5,000万円全額を回収できるかどうかわからないのに、経理上は5,000万円を未収金計上して税金を納めなければなりません。
また、もしも従業員に資力がなく、返済が不能の場合は、さらに取り扱いに困ります。その場合も、会社は、簡単には貸倒れ処理ができないのです。
仮にその従業員が自己破産をしても、会社に対する賠償責任はなくならないからです。
破産法によれば、破産者が悪意で加えた不法行為に基づく損害賠償請求権は、破産しても免責になりません(破産法第253条1項2号)。
(免責許可の決定の効力等)
第253条 免責許可の決定が確定したときは、破産者は、破産手続による配当を除き、破産債権について、その責任を免れる。ただし、次に掲げる請求権については、この限りでない。
2 破産者が悪意で加えた不法行為に基づく損害賠償請求権
会社にとって、従業員による横領事件は横領された金額だけでなく、それによって生じる税負担も大きいのです。
もしも5,000万円を着服したのが社長だったら…
以上は、従業員が不正をした場合ですが、同族会社で社長が同様のことをした場合はどうなるでしょうか。
会社の経理は、社長に対する役員賞与5,000万円、売上計上漏れ5,000万円となります。

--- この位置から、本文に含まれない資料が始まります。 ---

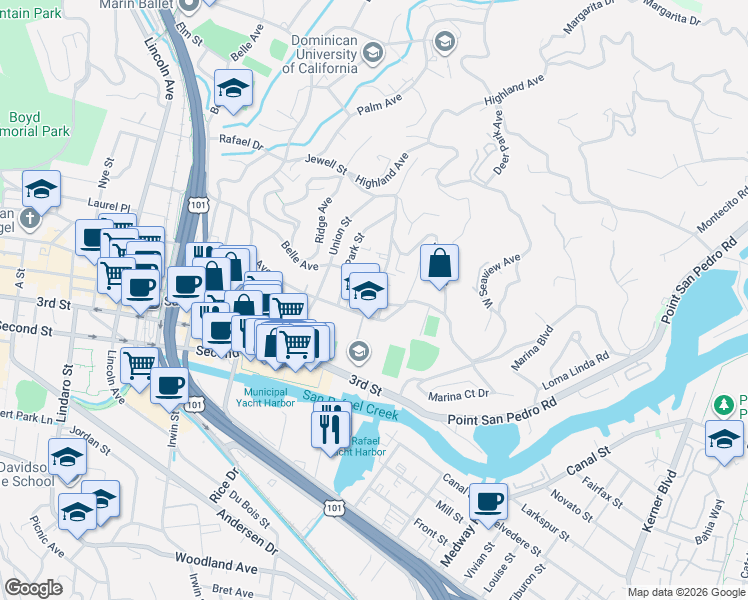 map of restaurants, bars, coffee shops, grocery stores, and more near 6 Valencia Avenue in San Rafael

従業員が不正をした場合は、未収金に計上しましたが、社長が行った場合は「役員賞与」となります。法人税法上、このような役員賞与は経費にならないので、やはり売上計上漏れ5,000万円になり、所得金額が5,000万円増えることになります。
そのうえ、社長個人の給与(賞与)が5,000万円増え、その分の所得税、住民税の負担も増えます。
さらに、社長が故意に仮装・隠蔽を行っていますから、脱税犯(法人税法違反、所得税法違反)として刑事訴追されるかもしれません。そうなれば、社会的信用は失墜し、会社が被るダメージは計り知れません。
このように、犯罪行為に対して、税務は厳しい対応をします。
管理体制をきちんとして、正しい申告納税をしよう
犯罪行為があった場合は、厳しい税務調査が行われるのは言うまでもありません。
従業員や役員の横領は、業務上横領罪になるだけでなく、税務上も会社に大きな損害を与えます。